# Off menu transcripts and timestamps processing

This notebook serves as a development environment for the logic to process the transcripts and generate timestamps from them. The final production code is located in off_menu/data_processing.py.

In [None]:
# Ensure imports can find my utils:

import sys
import os

notebook_dir = os.getcwd()
project_root = os.path.abspath(os.path.join(notebook_dir, '..', '..'))

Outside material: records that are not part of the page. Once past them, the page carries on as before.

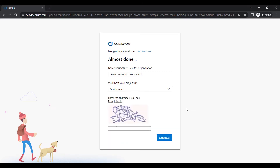It's asking where I want to host my project. I'd suggest keeping it as close to you geographically as possible — I'll select South India. This is where all repositories are going to be hosted. For internal company purposes, latency won't play a major role, but as the team size increases you can change the location as needed. I'll fill in the CAPTCHA and click Continue.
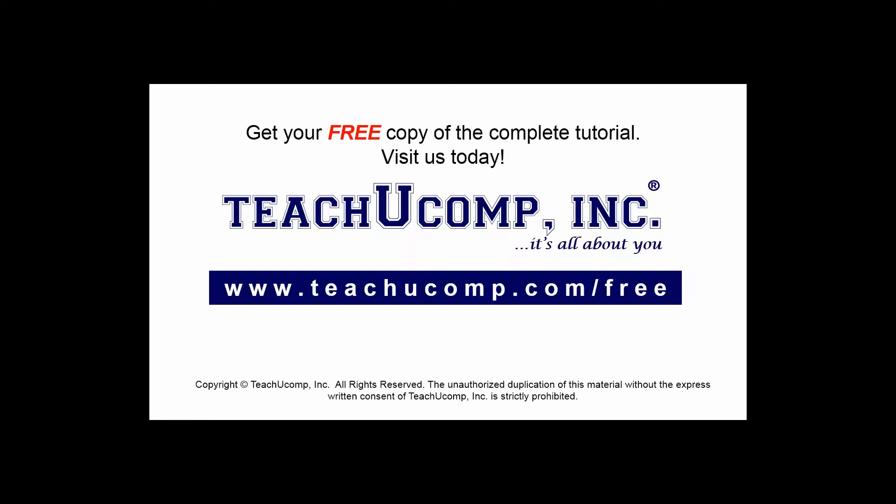Get your free copy of the complete tutorial at www.teachucomp.com forward slash free.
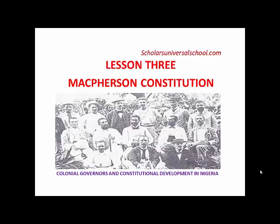Good day students. Welcome to Scholar University Schools. We are having government now.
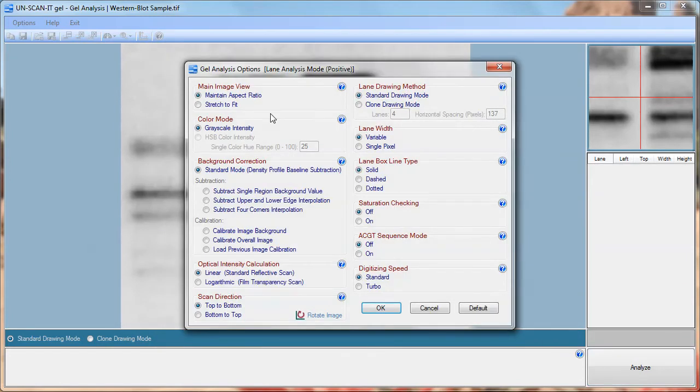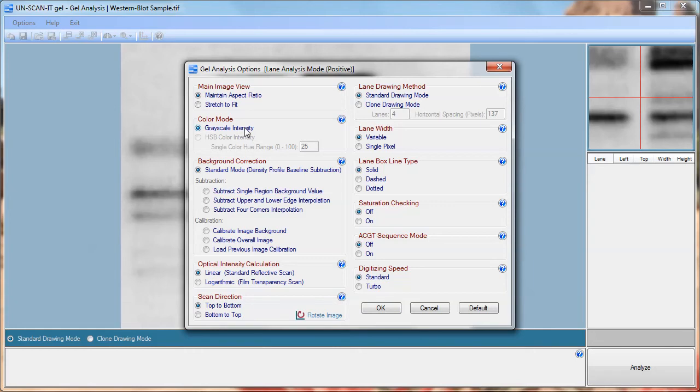Multiple gel analysis options will be presented and you can choose the options that best fit your gel analysis needs. For most gel images the color mode selected should be grayscale intensity. For this tutorial we will simply accept the default options. These options are explained further by clicking the question mark button associated with each option.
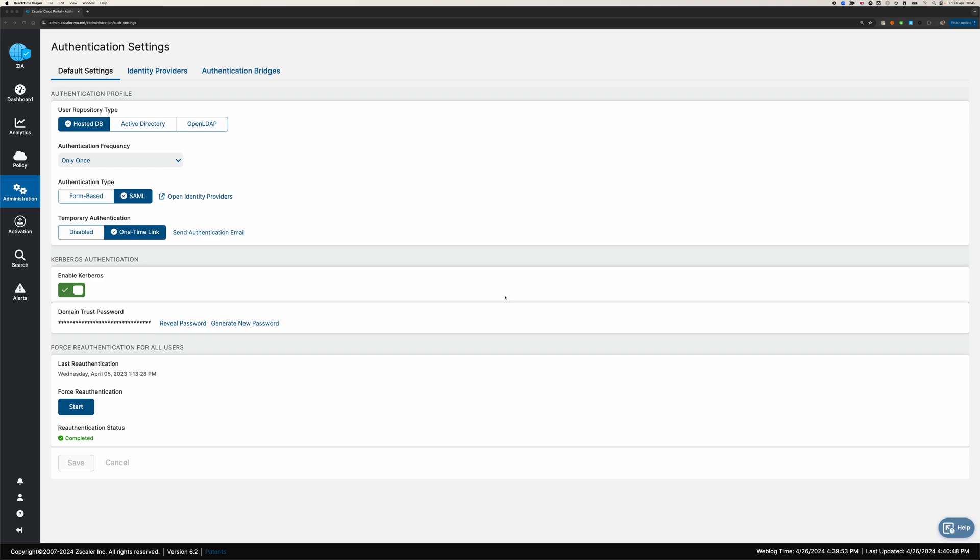I occasionally get asked about server authentication to Zscaler internet access. Often customers are migrating from an on-premise legacy proxy, a SQUID or a Bluecoat proxy, where servers or workloads might be doing some form of authentication to the on-premise proxy. That might be basic authentication, it might be Kerberos authentication or integrated Windows authentication, or it might be digest authentication.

if project_root not in sys.path:
    sys.path.insert(0, project_root)

print(f"Project root added to sys.path: {project_root}")
print(f"Current sys.path: {sys.path}")

# Import libraries
import pandas as pd
from bs4 import BeautifulSoup
import requests 
import re 
from typing import List
from fuzzywuzzy import process
from fuzzywuzzy import fuzz

# Project specific imports
from off_menu.utils import Episode
from off_menu.utils import clean_text
from off_menu.utils import num_check
from off_menu.utils import find_num_end
from off_menu.utils import name_num_split
from off_menu.utils import clean_res
from off_menu.utils import get_episode_sentences
from off_menu.utils import create_sentence_list

Project root added to sys.path: c:\Users\jbara\OneDrive\Desktop\Data_science\Python projects\Off Menu project
Current sys.path: ['c:\\Users\\jbara\\OneDrive\\Desktop\\Data_science\\Python projects\\Off Menu project', 'C:\\Users\\jbara\\miniconda3\\python312.zip', 'C:\\Users\\jbara\\miniconda3\\DLLs', 'C:\\Users\\jbara\\miniconda3\\Lib', 'C:\\Users\\jbara\\miniconda3', 'c:\\Users\\jbara\\OneDrive\\Desktop\\Data_science\\Python projects\\Off Menu project\\.venv', '', 'c:\\Users\\jbara\\OneDrive\\Desktop\\Data_science\\Python projects\\Off Menu project\\.venv\\Lib\\site-packages', 'c:\\Users\\jbara\\OneDrive\\Desktop\\Data_science\\Python projects\\Off Menu project\\.venv\\Lib\\site-packages\\win32', 'c:\\Users\\jbara\\OneDrive\\Desktop\\Data_science\\Python projects\\Off Menu project\\.venv\\Lib\\site-packages\\win32\\lib', 'c:\\Users\\jbara\\OneDrive\\Desktop\\Data_science\\Python projects\\Off Menu project\\.venv\\Lib\\site-packages\\Pythonwin']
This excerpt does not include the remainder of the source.